It’s 17months this Thursday since I quit alcohol.
It’s been a hard month.
The deepest darkest lows of alcoholism are so far away from me now, those black pits specks on the horizon and my resolve wavers.
Was it that bad?
I seem to be doing really well in life. I’ve learnt a lot and really managed to deal with some unresolved issues…
Maybe I could drink again and it wouldn’t be that bad…It HAS been such a long time. I could drink and do so moderately. Mindfully. That’s a thing right? Maybe at weddings? Or festivals?
The issue with having an addictive personality is having a constant internal itch inside that you don’t know how to scratch. I go to the pub and I drink far too much diet coke. I get addicted to tea and coffee, I drink it in unnatural amounts because excess is my drug! I am an addict for MORE. It can be anything. Sex. Food. Love.

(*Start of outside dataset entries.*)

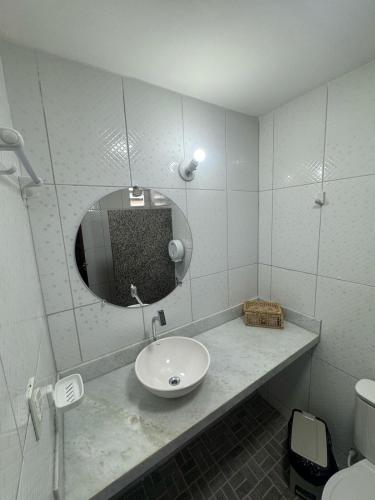 Twin Room (2 Single Beds) image 2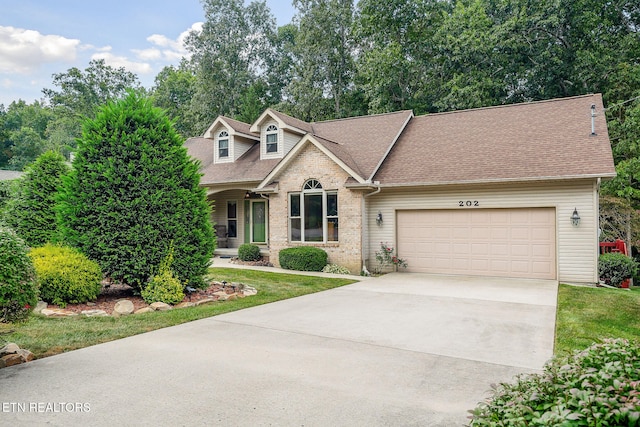 view of front of property featuring a garage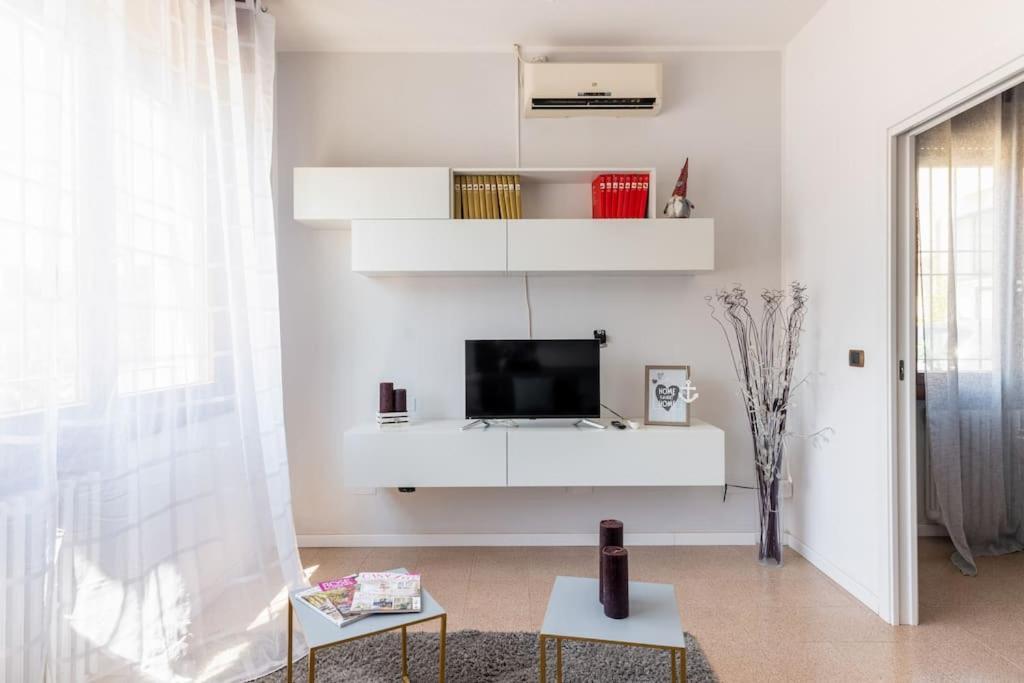 “Casa Moderna Con Parcheggio Privato” Apartment Imola Exterior photo
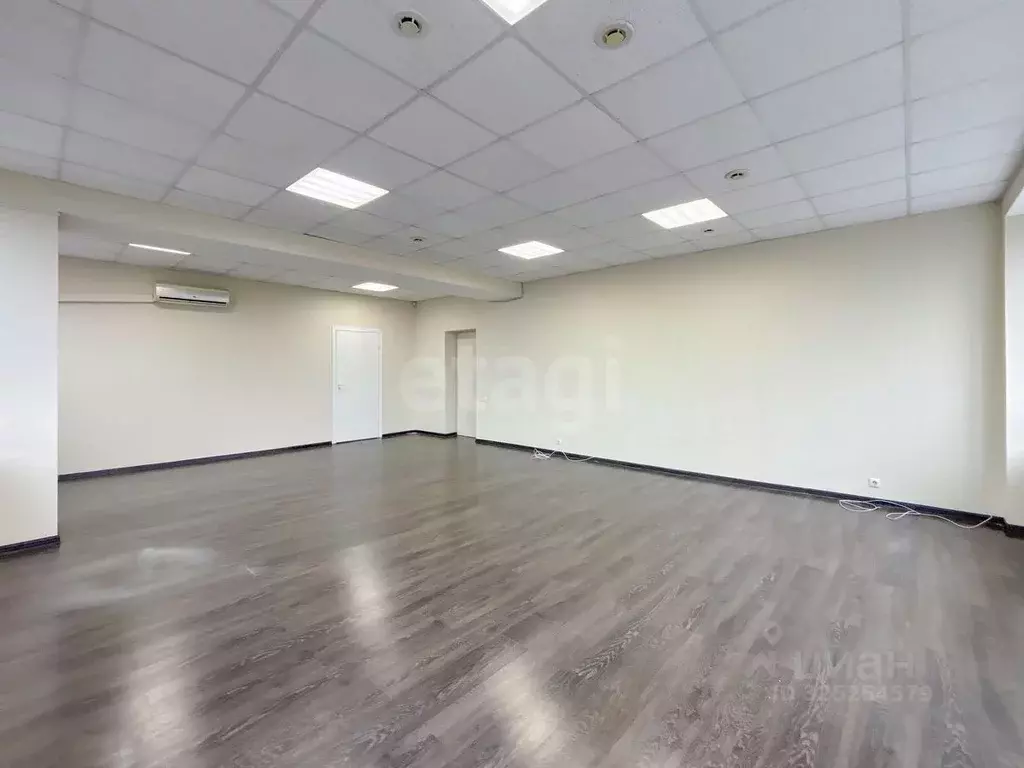 Офис в Псковская область, Псков Октябрьский просп., 56 (50 м) - Фото 2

I just want to stuff something inside of me and feel temporary change. I don’t know how to explain any other way. In a way it’s like being starving but nothing satiates!
I told myself I would never write a blog when feeling sad, when feeling low. When knowing this state is temporary and not a constant.
The truth, is THIS is sobriety. Not just the highs. Not just the cleverly worded and well written prose of those gifted by hindsight.
Fact is. I know some people look up to me for being open about my sobriety journey. Some people find it impressive and inspirational that I have found it so easy. I didn’t realise it until recently but there has been a certain level of pressure for me to find this easy or rather to APPEAR to never struggle. So that maybe someone will look at me and feel inspired for a change, because it isn’t that bad.
Sometimes it IS easy.
Recently it’s hard.
I think it’s important for me to talk about this bit. The ugly bit. The bit you don’t want to hear because we all want to see someone do it and do it with grace and ease; otherwise it might put you off.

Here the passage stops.